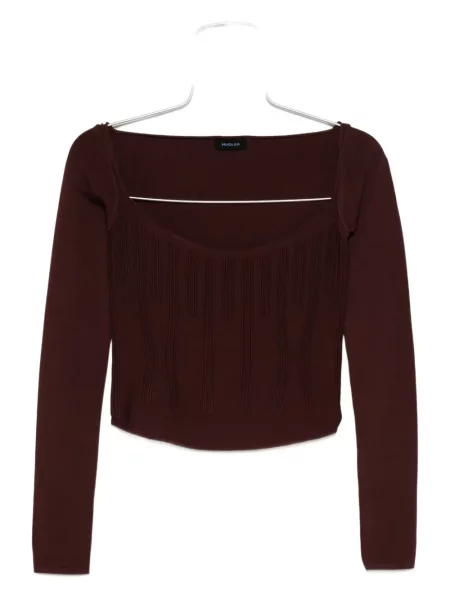 Top Mugler roșu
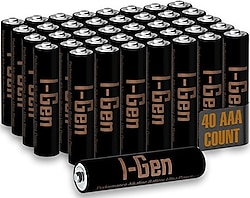 I-Gen 40'lı Ultra Alkalin AAA İnce Kalem Pil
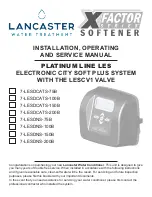 Preview for 1 page of Lancaster PLATINUM LINE LES X Factor Series Installation, Operating And Service Manual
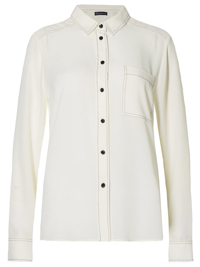 M&5 WINTER-WHITE Long Sleeve Button Through Shirt - Size 10 to 24 M&5 WINTER-WHITE Long Sleeve Button Through Shirt - Size 10 to 24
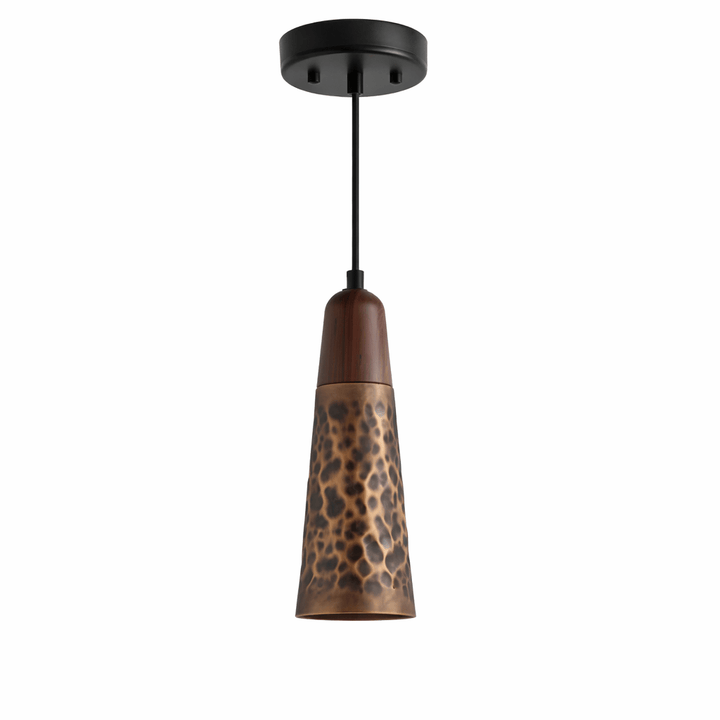 Dravik Hammered Brass Pendant Collection - Vakkerlight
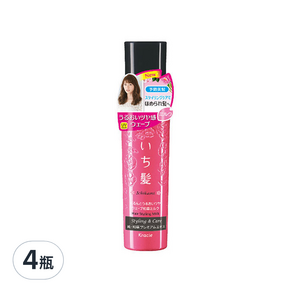 Kracie 葵緹亞 ICHIKAMI 女髮和草頂級亮澤波浪造型乳, 150ml, 4瓶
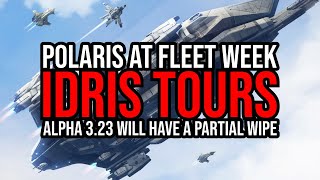 Star Citizen Polaris At Fleet Week - Idris Tours - Alpha 3.23 Partial Wipe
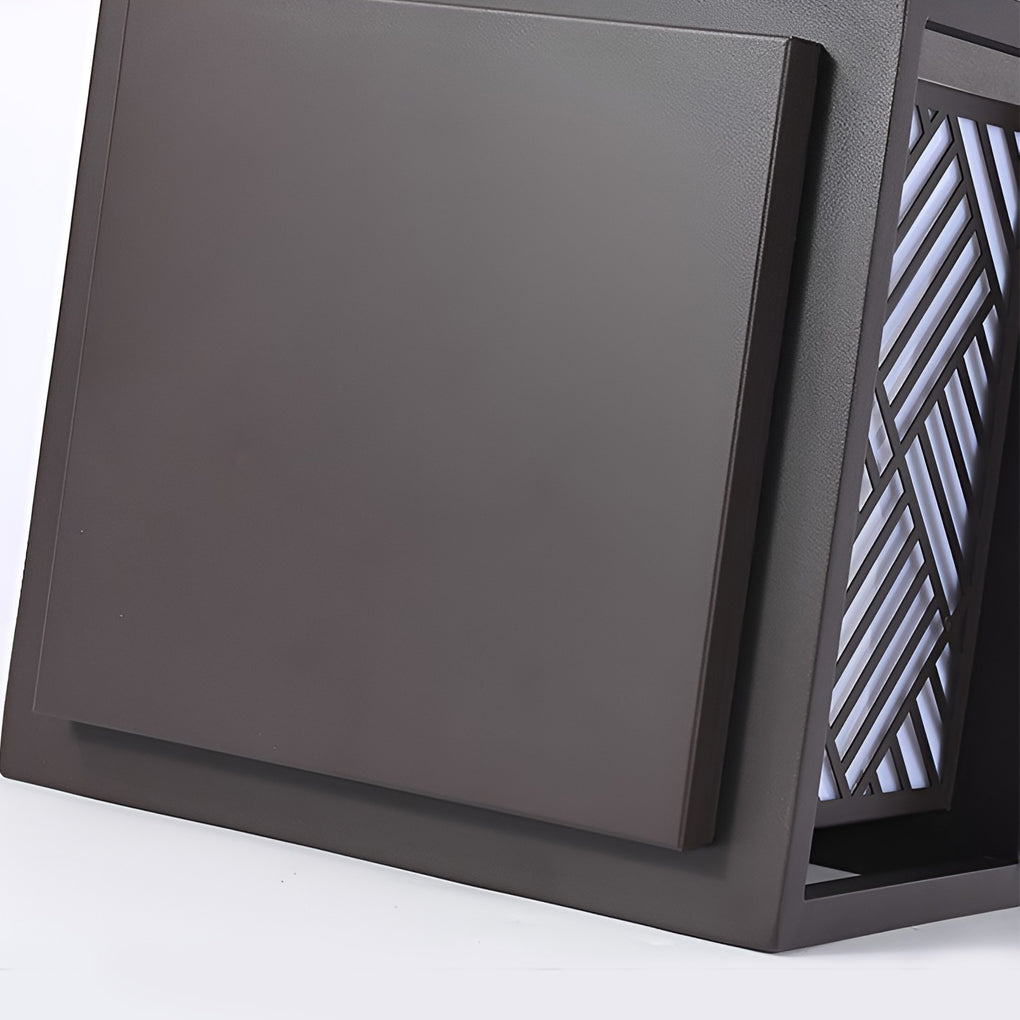 Fourth Square LED Modern Outdoor Caps Pillar Light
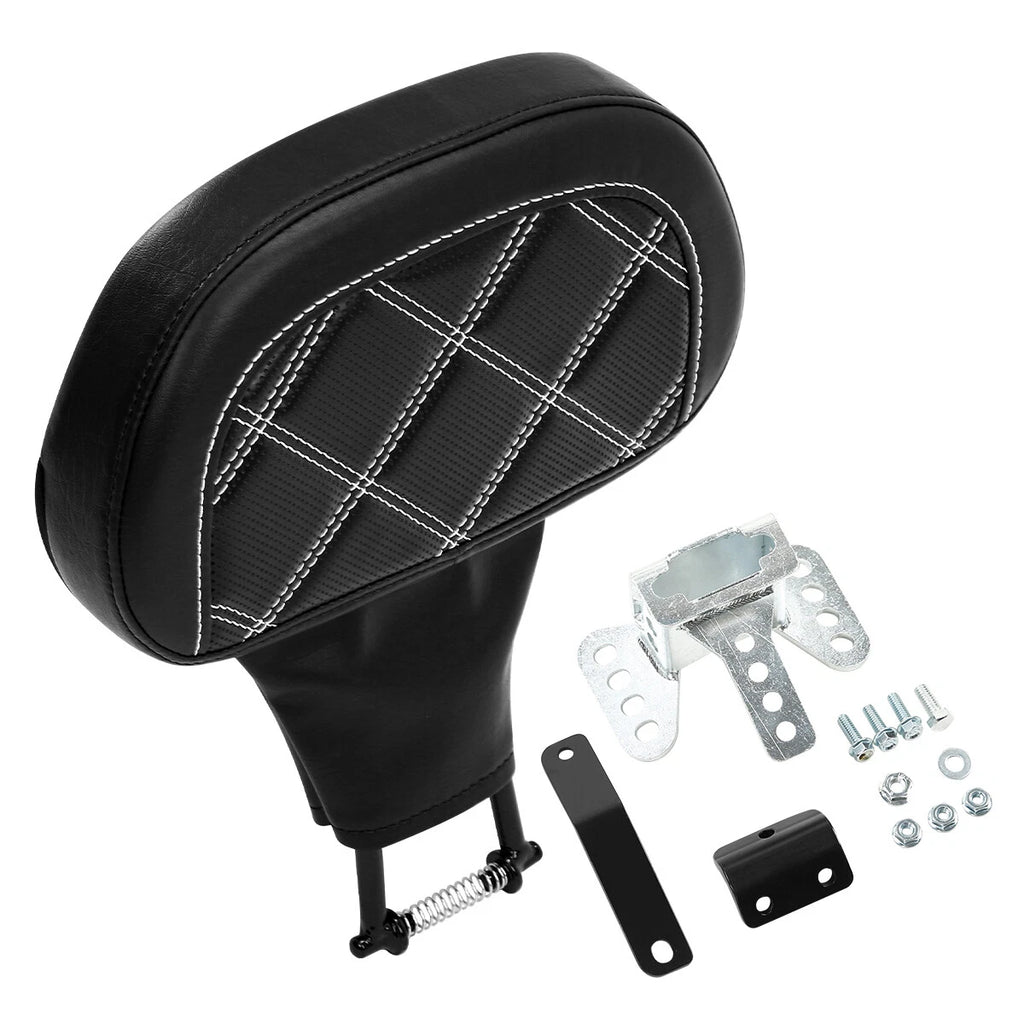 Black Rider Driver Backrest Pad for Harley Road Electra Street Glide (1988–2023)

Task requirements: Copy word for word the lines above, starting at the line containing "24 M&5 WINTER-WHITE" and ending at the line containing "Fourth Square LED", inclusive, with no pictures.

Response for this exercise:
 M&5 WINTER-WHITE Long Sleeve Button Through Shirt - Size 10 to 24 M&5 WINTER-WHITE Long Sleeve Button Through Shirt - Size 10 to 24
 Dravik Hammered Brass Pendant Collection - Vakkerlight
 Kracie 葵緹亞 ICHIKAMI 女髮和草頂級亮澤波浪造型乳, 150ml, 4瓶
 Star Citizen Polaris At Fleet Week - Idris Tours - Alpha 3.23 Partial Wipe
 Fourth Square LED Modern Outdoor Caps Pillar Light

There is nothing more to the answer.